Kirell Benzi: Thank you very much for your invitation. I’m really glad to be here.

Mike Delgado: So, Kirell, tell us a little about your story, because what you’re doing is so unique creating data art.

Kirell Benzi: Three or four years ago, I was doing my Ph.D. focused on data science and most specifically network science. How do you use a network as a tool, network theory and so forth to analyze big data sets? Then I realized people were asking me what I am doing. “Can you show me?” I had no visual. It was hard to expand just using math or images. I realized maybe I could start using network visualization that then was used as a tool to explain for the paper and scientific research. To take the same software at the beginning and try to bend it so I could start to tell stories about the networks.

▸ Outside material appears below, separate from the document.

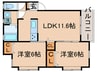 アヴニール西水元 2LDKの間取り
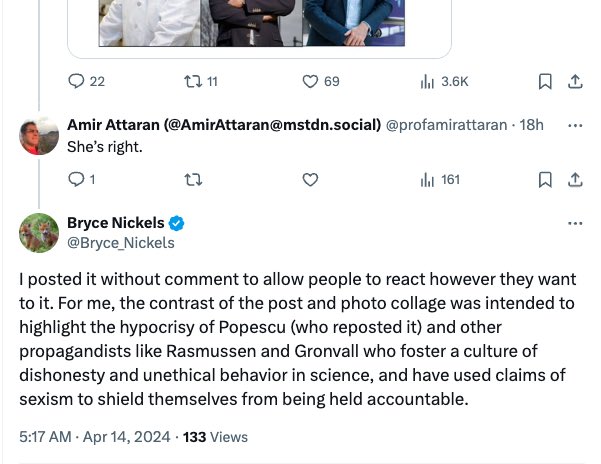 It is absolutely abhorrent to doctor images of tweets, but I am shocked that BN has gone so low as to do this to an esteemed female scientist’s tweet calling out lack of diversity in panels. Doing it with my retweet to show “hypocrisy and dishonesty” is beyond the pale. (1/2)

It’s really about what I think. It’s data storytelling.

I realized that people were more attracted to the story than the math, of course. The idea was to create, hopefully, a beautiful picture, and then people would start asking questions. For me, it’d be a way to explain the data behind it. What does it mean? What can we read from the visualization? And so forth.

This is how it started. It’s an academic context, and then I realized maybe people would be interested also in … I’d say the general audience. I had this idea that maybe I could start doing art exhibitions about this. Being a science educator, if you wish, try and teach other people about this. If you talk about big data, they’re a bit scared. They say, “They’re going to steal my data” and so forth.

We saw that quite recently, but if you show them something completely different, they are, “What is this?” “It’s an artwork about Wikipedia that explains how people go and what they visit on the webpages. It’s completely anonymous, so don’t worry.” They say, “OK. That’s interesting. Why are you studying this?” Then you start to say, “We try to model the behavior of people, what they browse online and so forth.” Then they get hooked. It’s a nice way to redirect them to scientific problems, but using nice visualizations.

Mike Delgado: Tell us about your process, because it’s so creative. Like you said, you’re working with large data sets and building models. Working with the data. What’s your artistic approach to working with data?

Kirell Benzi: The first thing, as you said, it’s working with the data. I need to get a grasp on … Most of the time, I don’t have the data, so I need to create and build my own data sets. The best-case scenario for me is you gave me a nice database. It’s free. Everything is clean, and it’s easy to work with. That’s not the case. I’ve been getting crazy requests from scrapping websites, analyzing emails from the CEO of a company. He gave me all his emails, all the confidential information. I had to sign an NDA and say, “Can you extract the topics?” I was in Switzerland at the time. There are three official languages in Switzerland. People would answer in different languages, and it’s hard [inaudible 00:04:45].
This is something that I do exponentially, and most of the time I’m getting, cleaning and understanding the data from this more or less clean data set.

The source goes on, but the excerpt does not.